Dans l’enclave juive de Jérusalem-Est, des Juifs plus contents de Trump que de Netanyahu

Depuis le complexe cloisonné au sein de Ras Al-Amoud, les résidents de Maale Hazeitim saluent une décision "avec une part biblique"

Jacob Magid est le correspondant pour les questions liées aux implantations pour le Times of Israël

Le quartier juif de Maale Hazeitim, au coeur du quartier arabe de Ras al-Amoud, sur le mont des Oliviers, au mois de mai 2011 (Crédit : Yossi Zamir/Flash90)
Le quartier juif de Maale Hazeitim, au coeur du quartier arabe de Ras al-Amoud, sur le mont des Oliviers, au mois de mai 2011 (Crédit : Yossi Zamir/Flash90)

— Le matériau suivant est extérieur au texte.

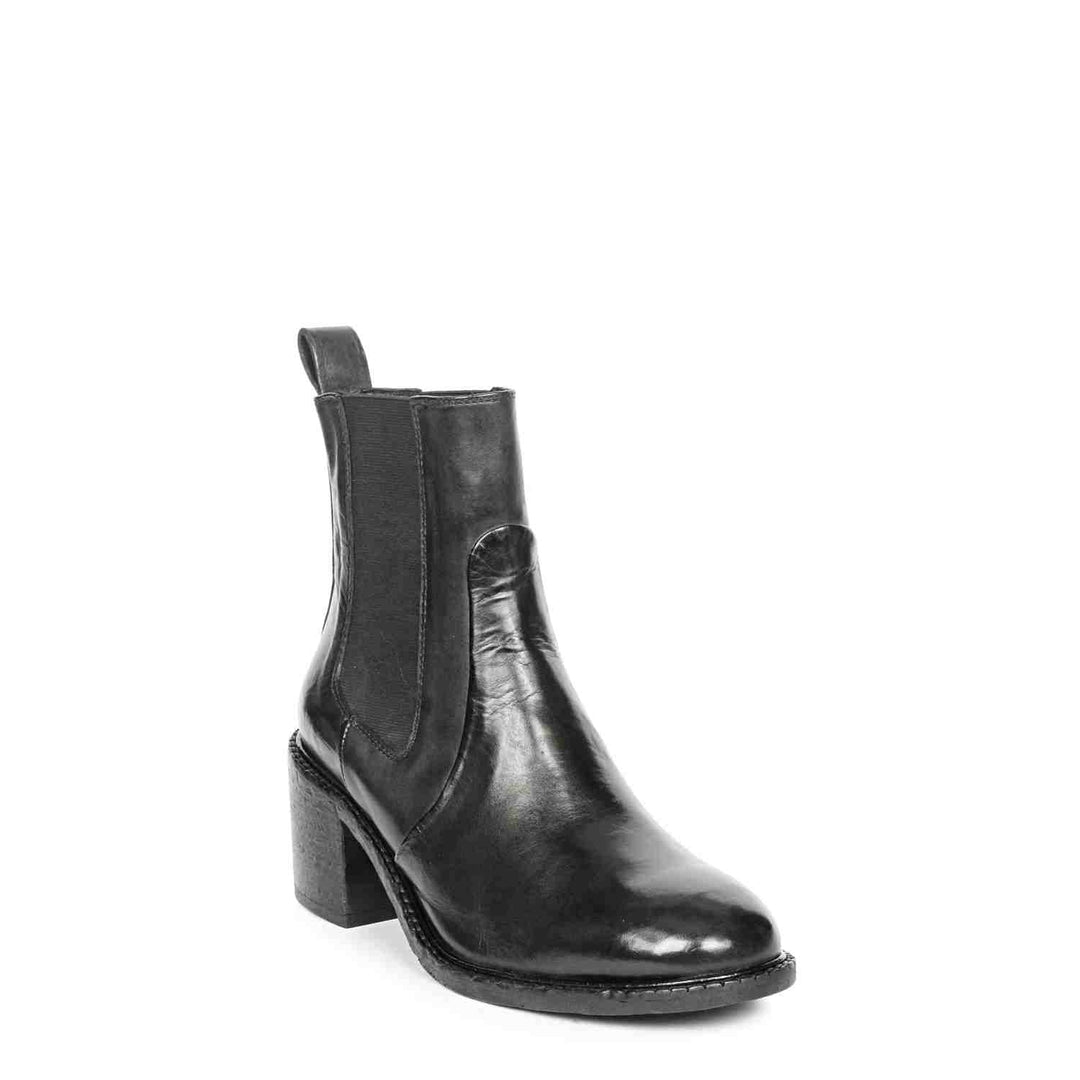 Saint Niamh Black Leather Washed Ankle Boot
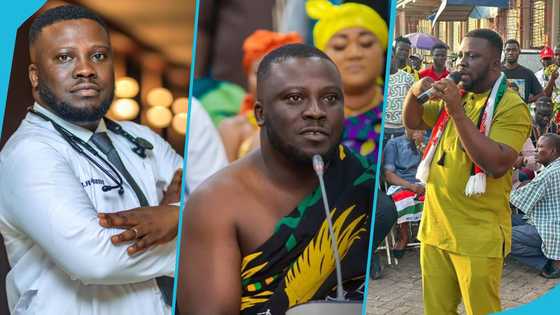 Dr Frank Amoakohene dons iconic kente with a porcupine and spider web design to vetting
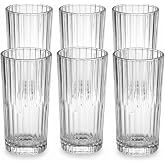 Deconox 6'lı Kesme Kristal Desenli Cam Bardak Seti - Klasik Tasarım Su, Meşrubat ve İkram Bardağı Takımı (320 ml)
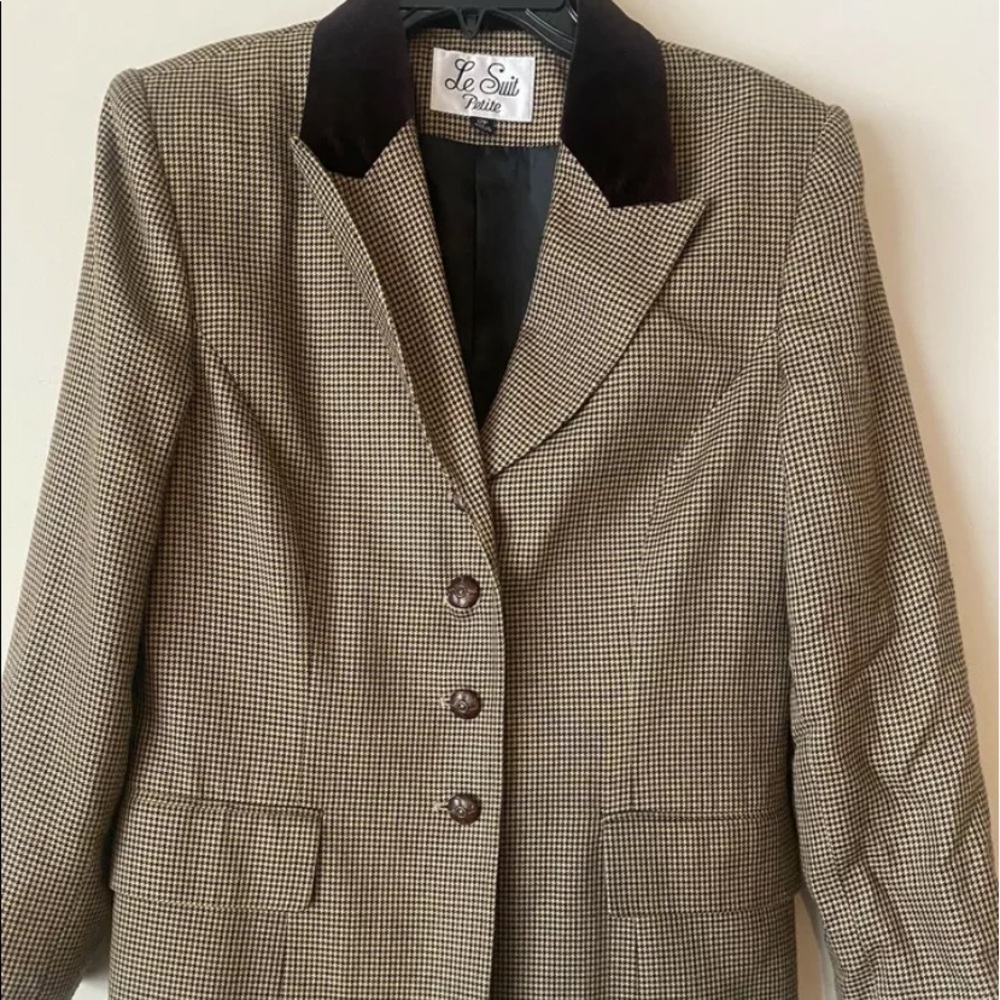 LE SUIT PETITE Womans Size 12P Suit Brown Check Jacket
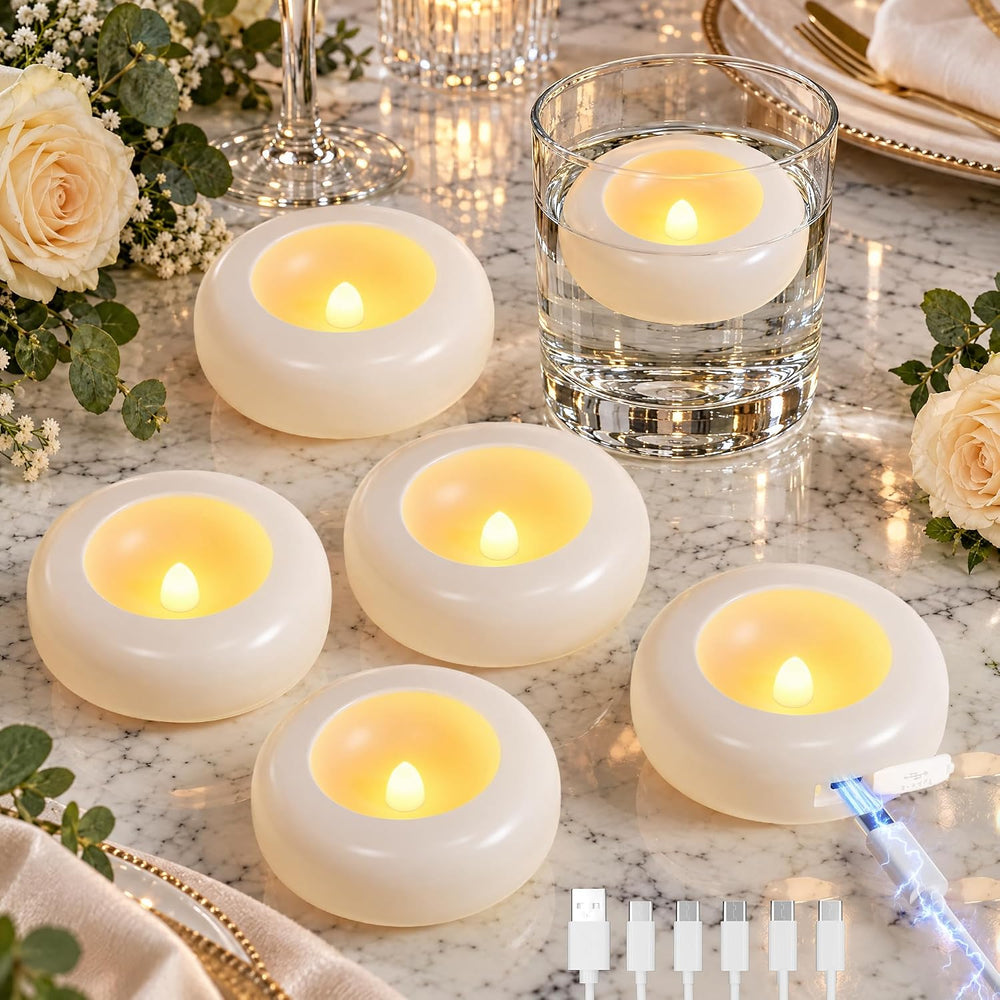 Rechargeable Flameless Floating Candles, 6 Pack Water Activated Tea Lights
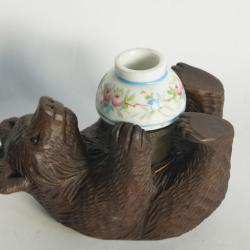 Ancien Ours encrier bois sculpt&eacute; Art populaire Suisse Brienz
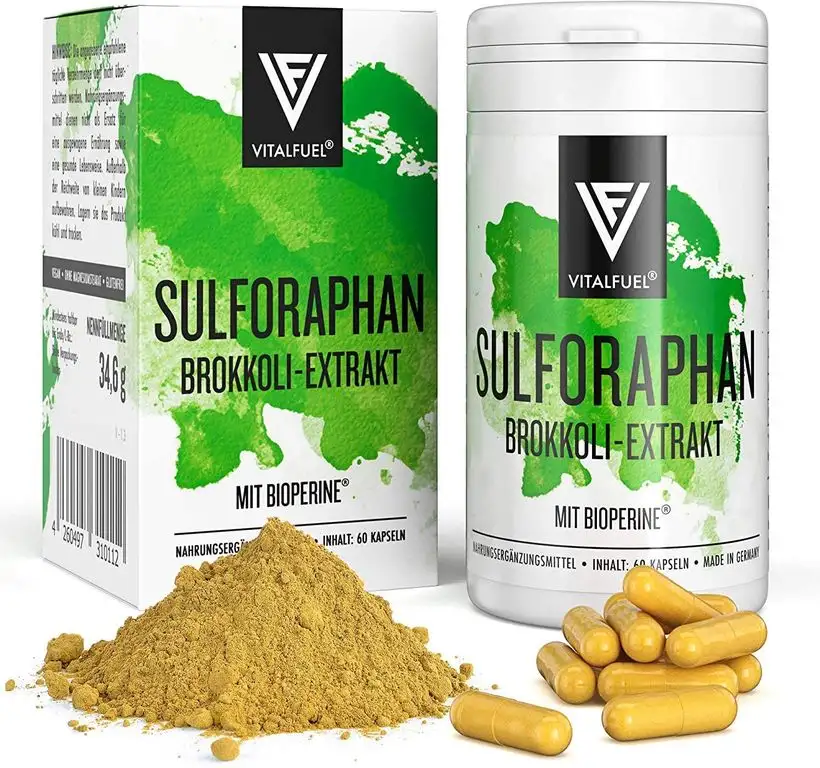 Vitalfuel® Sulphoraphan Kapseln hochdosiert | Brokkoli Extrakt & Brokkolisprossen - mit Bioperine® & bioaktivem Vitamin B12 | VEGAN | 60 Stück Sulforaphan Kapseln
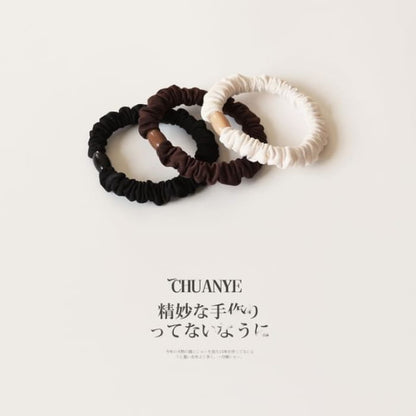 Hair Tie Set - of 3 Pcs - 01 - Black & White Brown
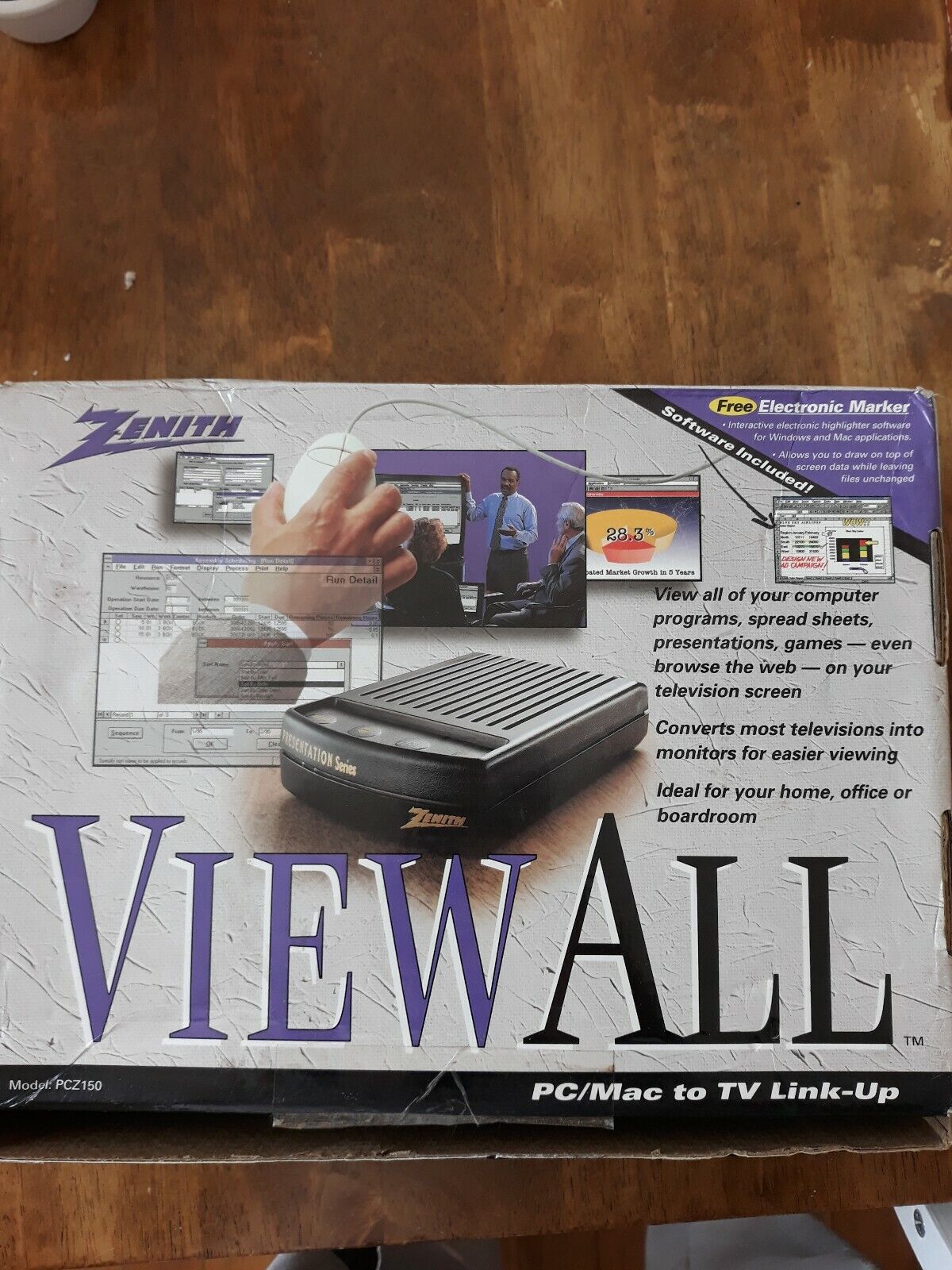 Vintage 1997 Zenith View All PC/Mac to TV Link Up PCZ150 NOB With Manual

En reconnaissant Jérusalem en tant que capitale d’Israël, le président américain Donald Trump a sciemment évité de détailler comment il envisageait l’élargissement des frontières de la ville sainte israélienne. Mais les habitants d’une enclave juive située dans la partie Est de la municipalité ont indiqué jeudi être confiants : Pour eux, le président a gardé leur présence à l’esprit en prenant cette décision.

« Il a été essentiellement vague et je suis tout à fait à l’aise avec ça », s’exclame un habitant de Maale Hazeitim, Mordechai Taub. « Reconnaître les frontières entières de la ville [comme israéliennes] sera un processus à venir, mais qui se fera à un moment ».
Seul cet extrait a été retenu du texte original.